Rev Invest Clin. 1990 Oct-Dec;42(4):285-9.
Macroamylasemia (MA) is a rare condition characterized by an active macromolecular complex formed by normal amylase with abnormal proteins; to our knowledge, it has not been previously described in Mexico. The size of the macromolecular complex precludes its renal excretion; thus MA is characterized by high levels of amylase in serum with normal amylasuria. We report a 53-year-old male with abdominal pain and hyperamylasemia who was erroneously diagnosed as pancreatitis. Amylase in urine was normal and a protein electrophoresis demonstrated hyperglobulinemia. Several months after the initial work-up, the diagnosis of non-Hodgkin's lymphoma was established. Serum pancreatic amylase was again found elevated with normal urinary amylase. Precipitation of amylase with polyethylene-glycol was of 81% (normal: less than 70%). This established the diagnosis of MA associated to non-Hodgkin's lymphoma. After chemotherapy, the abnormal macroamylasemia and hyperglobulinemia disappeared.
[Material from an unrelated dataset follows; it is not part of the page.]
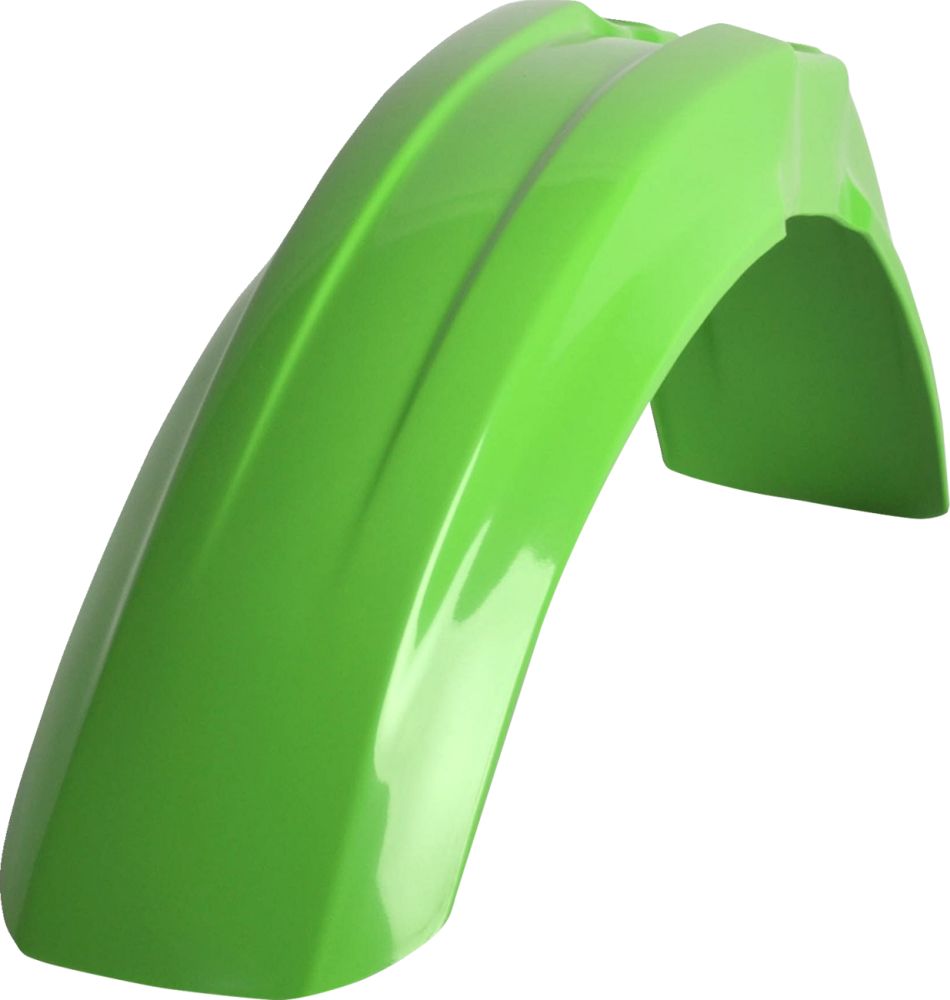 Polisport Front Fender for Kawasaki Green 8596000009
巨淀粉酶血症(MA)是一种罕见病症,其特征是正常淀粉酶与异常蛋白质形成活性大分子复合物;据我们所知,此前墨西哥尚未有过相关描述。大分子复合物的大小使其无法经肾脏排泄;因此,MA的特点是血清淀粉酶水平升高而尿淀粉酶正常。我们报告一例53岁男性,有腹痛和高淀粉酶血症,曾被误诊为胰腺炎。尿淀粉酶正常,蛋白电泳显示高球蛋白血症。初始检查数月后,确诊为非霍奇金淋巴瘤。再次发现血清胰淀粉酶升高而尿淀粉酶正常。用聚乙二醇沉淀淀粉酶的比例为81%(正常:低于70%)。由此确诊为与非霍奇金淋巴瘤相关的MA。化疗后,异常的巨淀粉酶血症和高球蛋白血症消失。